Kentucky Court Gives OK to the Melting Hair Case

We here at Abnormal Use don’t pretend to know much about hair products. We do, however, know that they shouldn’t melt your hair. A host of new plaintiffs apparently know this as well, having filed suit against Unilever alleging that the manufacturer’s hair-strengthening Keratin product did just that. Unilever moved to dismiss the suit, but a Kentucky federal court recently denied the motion. We suppose a jury will now get to decide whether our presumption was correct. The plaintiffs allege that Unilever’s Suave Professionals Keratin Infusion 30-Day Smoothing Kit contains harsh chemicals that burned their scalps and melted or permanently destroyed their hair. The product was advertised as “formaldehyde-free,” but the plaintiffs have some suspicion that might not have been the case. Unilever recalled the product in 2012, but multiple plaintiffs were able to purchase and use the hair kit after the recall, the suit alleges.

Certainly, we know very little of the merits of the case at this point. Not that it would absolve all liability, but we do wonder whether the hair melting occurred after the first use or whether it was the result of the entire 30-day process. It will also be interesting to see the merit behind the “permanently destroyed” allegation. If the product had worked as advertised, straightening the hair by breaking down disulfide binds in curly hair, and the user didn’t like the result, would that also be damage? If so, it seems as if this analysis could be extended to any hair product such as hair dyes when repeatedly used. Moreover, last we checked, hair grows back, so how can the damage be permanent? Clearly, we here at Abmormal Use pay close attention to hair.

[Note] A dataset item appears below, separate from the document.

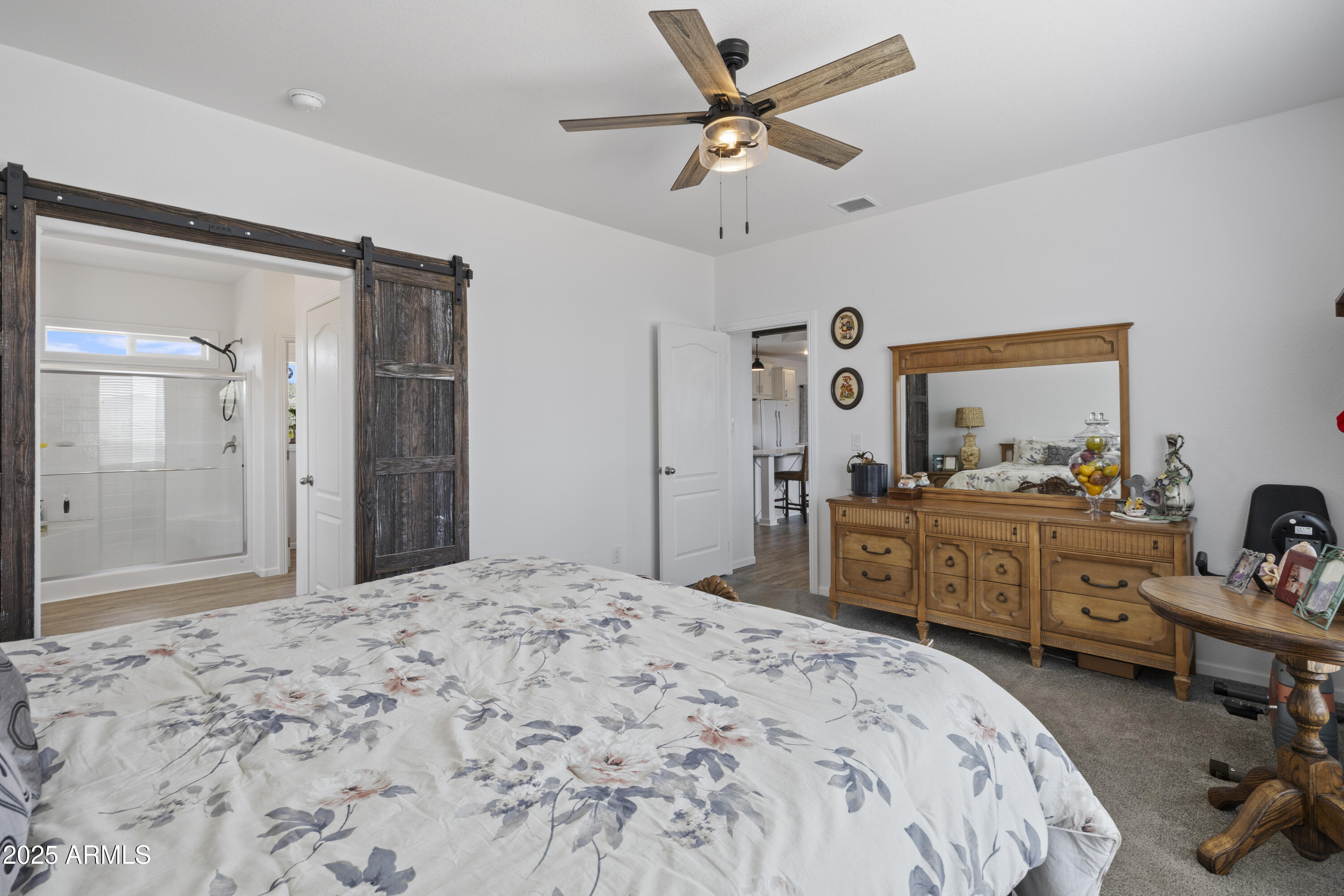 1235 North Harvest Road Dewey, AZ 86327 - Photo 12 of 37 a bedroom with a bed dresser and a large mirror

Court Finds Juror’s Facebook Friendship With Murder Victim’s Spouse Not Grounds For Disqualification

As you know, we often write about social media and the law, so we simply must direct your attention to last week’s McGaha v. Commonwealth, — S.W.3d —- (Ky. June 20, 2013), in which the appellant, convicted of murder, unsuccessfully argued that he was entitled to a new trial because one of the jurors failed to disclose that she was Facebook friends with the victim’s wife. Wow.

Apparently, the juror – identified in the opinion as “Juror 234” was questioned during voir dire about her relationship with anyone involved in the case.  She admitted during questioning by the trial court that she knew “some of the [the victim’s] family, not close but I do know them.”  She described the relationship as “casual” and noted that she worked with the victim’s nephew.

Sometime after the trial, the Appellant’s lawyers discovered that Juror 234 was one of the victim’s wife’s Facebook friends.  (We wonder if his counsel investigated all of the juror’s social media presence.). After learning of the social media link, the Appellant sought a new trial based upon those grounds, a request which the trial court denied.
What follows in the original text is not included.